Hammond’s 4am text backing Boris

- By Jason Groves Political Editor

PHILIP Hammond offered to back Boris Johnson for the Tory leadership in a desperate attempt to keep his job, it emerged yesterday.

The Chancellor is reported to have texted his Cabinet rival at 4am on the morning after the election to offer his support when it looked like Theresa May could be forced from office.

Mr Hammond is said to have proposed a deal in which he remained as Chancellor, with David Davis handling Brexit while Mr Johnson could ‘run the shop’.

The proposal was put as Mr Johnson sat with friends digesting the fallout from the disastrous election result in the early hours of June 9.

Mr Johnson told friends: ‘Philip’s just texted me. He’s 100 per cent behind me if I go for it. Clearly he wants to be Chancellor.’

The claim emerged in a new book on Brexit and the election by political journalist Tim Shipman. The book cites a friend of Mr Johnson’s saying he was ‘circumspec­t’ about the early hours offer from Mr Hammond. An ally of Mr Hammond also confirmed the extraordin­ary interventi­on saying the Chancellor initially thought Mr Johnson ‘could be the answer’ if Mrs May decided to quit.

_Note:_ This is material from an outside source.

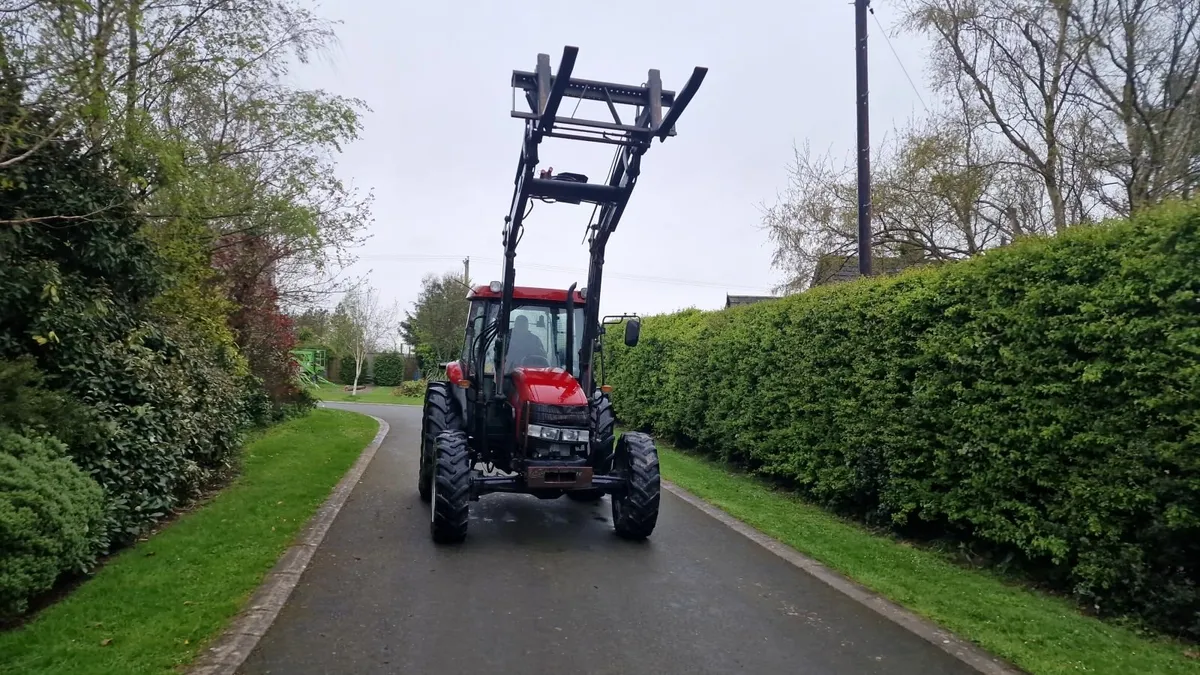 Case Tractor 80hp Compact tractor with loader - Image 3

Mr Hammond’s offer was made despite strained relations between the two men who have found themselves on opposite sides of the Brexit debate in Cabinet.

As the leading Remainer in Cabinet, Mr Hammond has clashed repeatedly with Mr Johnson over issues such as the need for a transition deal. The Chancellor has been withering in private about Mr Johnson’s abilities since he returned to government, criticisin­g his ‘lack of interest in detail’.

But at the time of the election he feared he was facing the sack. Mr Hammond was sidelined during the election campaign and subjected to a series of brutal Downing Street briefings. During the campaign Mrs May publicly refused to endorse her Chancellor, and No 10 insiders even ‘roleplayed’ a Cabinet reshuffle in which he would be sacked.

Desperate to keep his job he appears to have briefly decided to throw in his lot with Mr Johnson, who many Tories believed could become prime minister within hours of the election. One source who discussed the leadership with the Chancellor that morning said he thought Mr Johnson could head a triumvirat­e in which Mr Davis ‘could run Brexit, (Hammond) could run the economy and Boris could run the shop’.

Mr Hammond is said to have considered himself ‘too grey’ to make his own bid for the top job and saw the proposal as a ‘solution’ to the election debacle. The plan dissolved when it became clear Mrs May was not going to resign, and the two men resumed hostilitie­s soon afterwards.

The new book, serialised in the Sunday Times, also reveals that David Cameron and Sir John Major were among those encouragin­g Home Secretary Amber Rudd to mount a challenge in the event of Mrs May stepping aside.

Meanwhile, allies of Mr Davis were involved in collecting the names of MPs willing to call for Mrs May to resign. The Brexit Secretary was aware of the plot and did nothing to discourage it.

The revelation­s expose the fragility of Mrs May’s grip on power with Mr Hammond, Mr Johnson, Miss Rudd and Mr Davis all embroiled in leadership plots in the aftermath of the election.